A smart speaker, which is equipped with a voice recognition function, which is one of the AI (artificial intelligence) learning technologies. The smart speaker can understand the intent of the speaker’s words, find the app according to the instructions from the linked device, and play music or make a call.
This time, I would like to explain the contents of smart speakers and typical products.
What is a smart speaker?
Smart speakers are home voice assistant machines that have appeared in the last few years. It is said to be an extension of the technology of the voice assistant “Siri” that is familiar to iPhone and Apple Watch users. It’s easy to think of a smart speaker as a voice assistant in a smartphone with dedicated ears, mouth, and brain that can be moved independently.
Contents of smart speaker
People use their ears, mouth, and head when talking face-to-face or over the phone.
Smart speakers are equipped with speakers, microphones, and network functions. If you replace these with human face-to-face or telephone conversations, the microphone will speak, the speaker will listen to people, and the network function will be in your brain. Applicable. AI (artificial intelligence) consists of voice recognition technology and question answering technology in the brain.
Speech recognition technology and question answering technology
Speech recognition technology
Speech recognition technology is a technology that converts the waveform generated by uttering a voice into characters.
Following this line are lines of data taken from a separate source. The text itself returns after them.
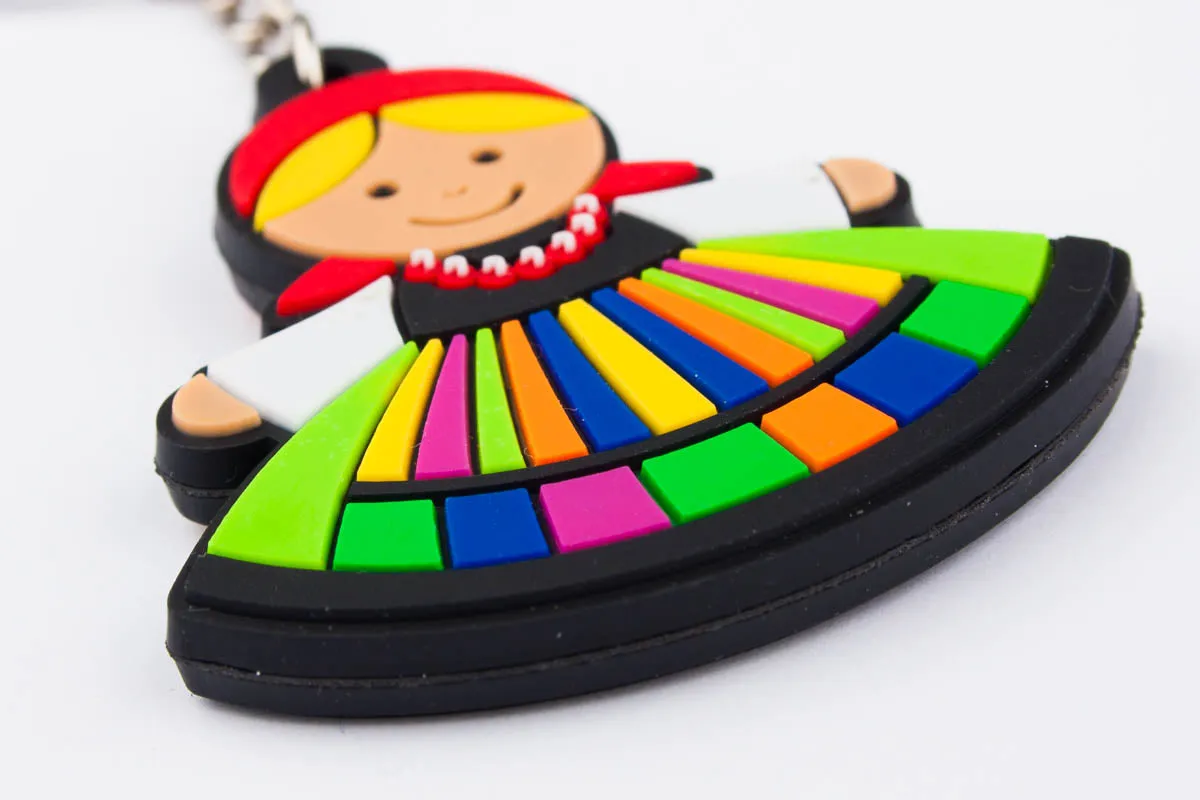 Polish Folk Lowicz Female Flexible Keychain, Lowiczanka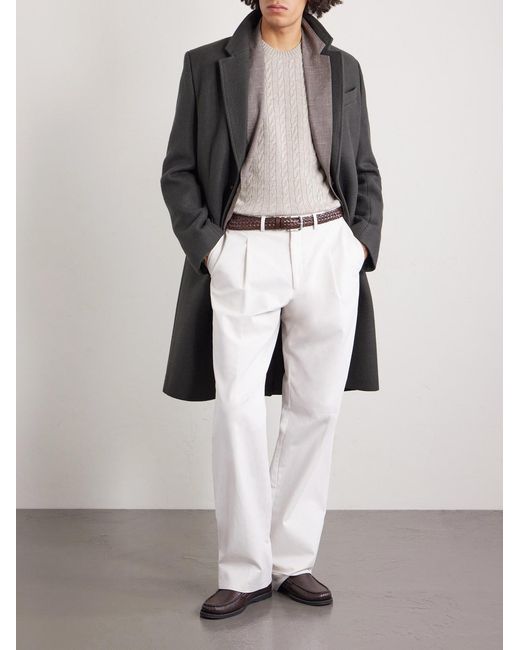 Dunhill White Cable-knit Cashmere And Linen-blend Sweater for men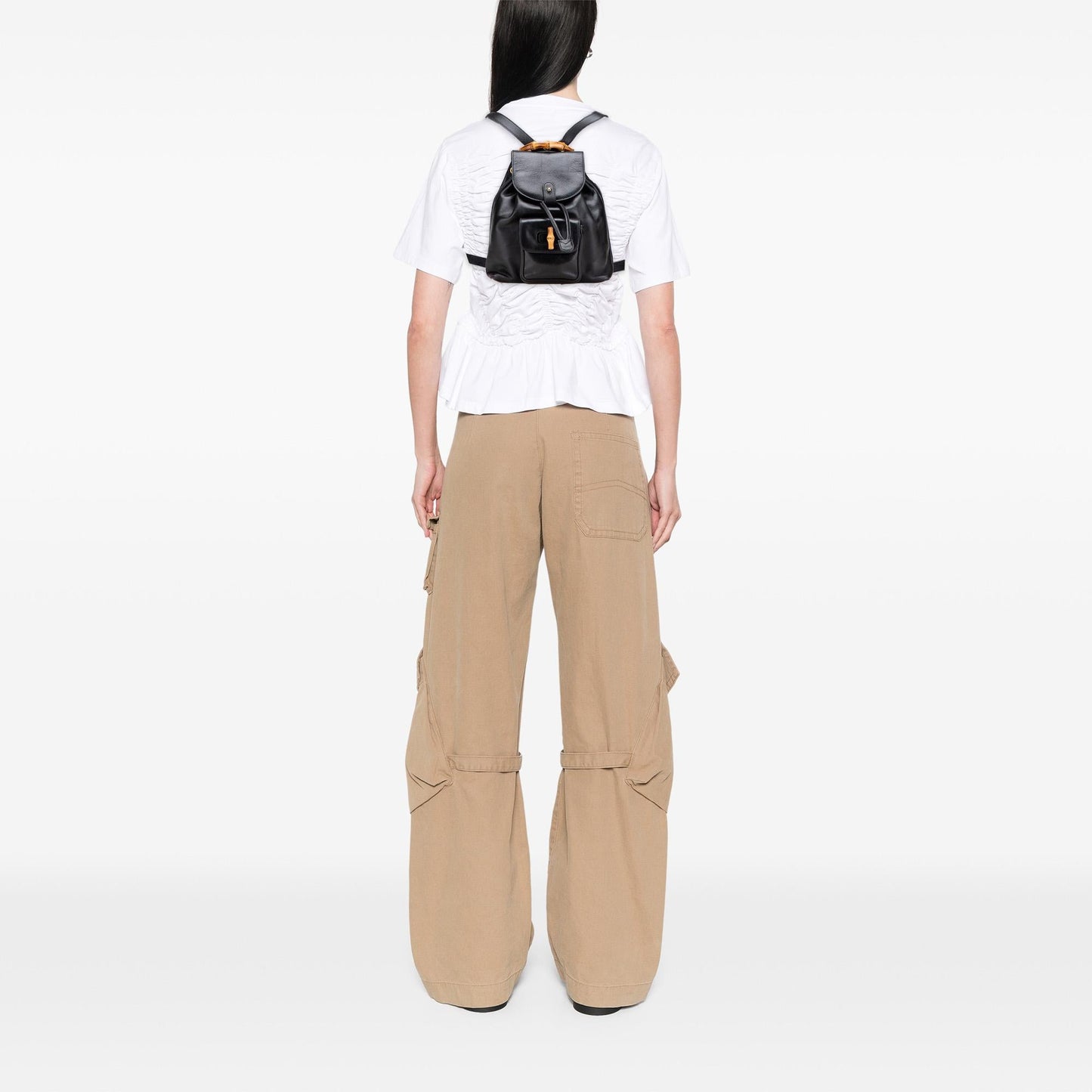 Gucci Leather Bamboo Backpack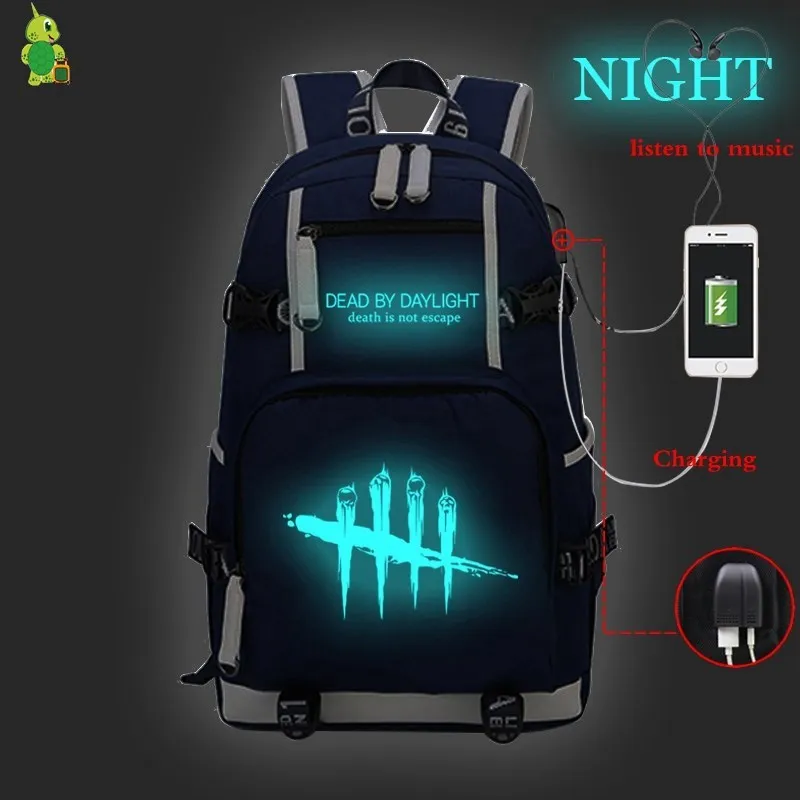 Горячие мертвецы дневного света рюкзаки для женщин и мужчин USB зарядка Рюкзак для ноутбука большие школьные сумки для подростков девочек мальчиков светящиеся дорожные сумки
Instead of hitting the keyboard, you can input by voice to turn the voice into text data that is easy for your computer to handle.
General speech recognition consists of the following main functions.
- Acoustic model: Modeling the sound characteristics of language
- Language model: Model grammatical features such as word order and semantic features of sentences
- Acoustic feature extraction (acoustic analysis): Converts input audio data to make it easier to handle in an acoustic model.
Question answering technology
Question answering technology is a technology that returns answers to questions asked in words. Broadly speaking, the contents consist of the following four flows.
- Interpretation of the question
- Database and Internet search (information retrieval)
- Answer extraction
- Generation of answer text
For example, let’s say you ask a smart speaker, “How high is the Sky Tree?”
When a smart speaker receives a question from a human, it interprets the meaning contained in the question text. If the question is How high is the Sky Tree? The question “The word” Sky Tree “depends on the word” Height “” and “How many meters” is “Height”. ”Is pointed to.” By doing this, the smart speaker understands that the “height of the Sky Tree” is being asked by humans, and searches the database, the Internet, etc. for information sources that are likely to have the “height of the Sky Tree” written on it. ..
Typical smart speaker
Home-use products are already on the market all over the world. The representative products are introduced below.
“Amazon Echo” is the world’s best-selling smart speaker, which was launched in 2014 by Amazon, which is headquartered in the United States. Inside, a voice recognition technology called “Alexa” is used. It was released in Japan in 2017, but many people are more impressed by the commercials that talk to Amazon Echo, such as “Alexa, order XX.”
In addition to shopping on Amazon and using various services such as Amazon Music, users can also select and add functions called “SKill” developed by third parties.
“Google Home” is a smart speaker equipped with Google’s voice assistant “Google Assistant”. Although it was released in the fall of 2016, the Google Assistant itself is installed in Android devices such as the smartphone “Google Pixel” originally developed by Google. When you say “OK Google” to your Android smartphone, you will get a reply, which is exactly the Google Assistant. Since the Google Assistant is linked with the information of the account owned by the user, you can use various services such as schedule management and voice search.
“Home Pod” released in 2017. Apple calls it a “home wireless speaker.” It is equipped with Apple’s voice assistant “Siri” released by Apple in 2012. What makes it different from other smart speakers is that it has a strong color as a music speaker.
By the way, “Siri” is considered to be the origin of smart speaker technology. It was developed based on the state-of-the-art military technology at the time of its release, and because it supports various languages, it quickly caught the hearts of users all over the world. In addition, it is said that Siri has thoroughly adhered to its usability, such as making it a familiar voice and removing the text input function.
“Clova” is a cloud AI platform released by LINE and its parent company NAVER in March 2017. Clova is implemented in a smart speaker called “WAVE”, which is also characterized by a rich lineup, such as a trapezoidal one that embodies the mascot character of LINE.
It is the same as other smart speakers in that voice recognition is activated by talking to Clova, but in cooperation with various services operated by LINE and the LINE app on smartphones, all talk message reading and replying is completed by voice. I can do it. It can be said that the fact that the services operated by the company can be used from smart speakers using the voice recognition technology developed in-house is similar to the relationship between Alexa and Echo developed by Amazon.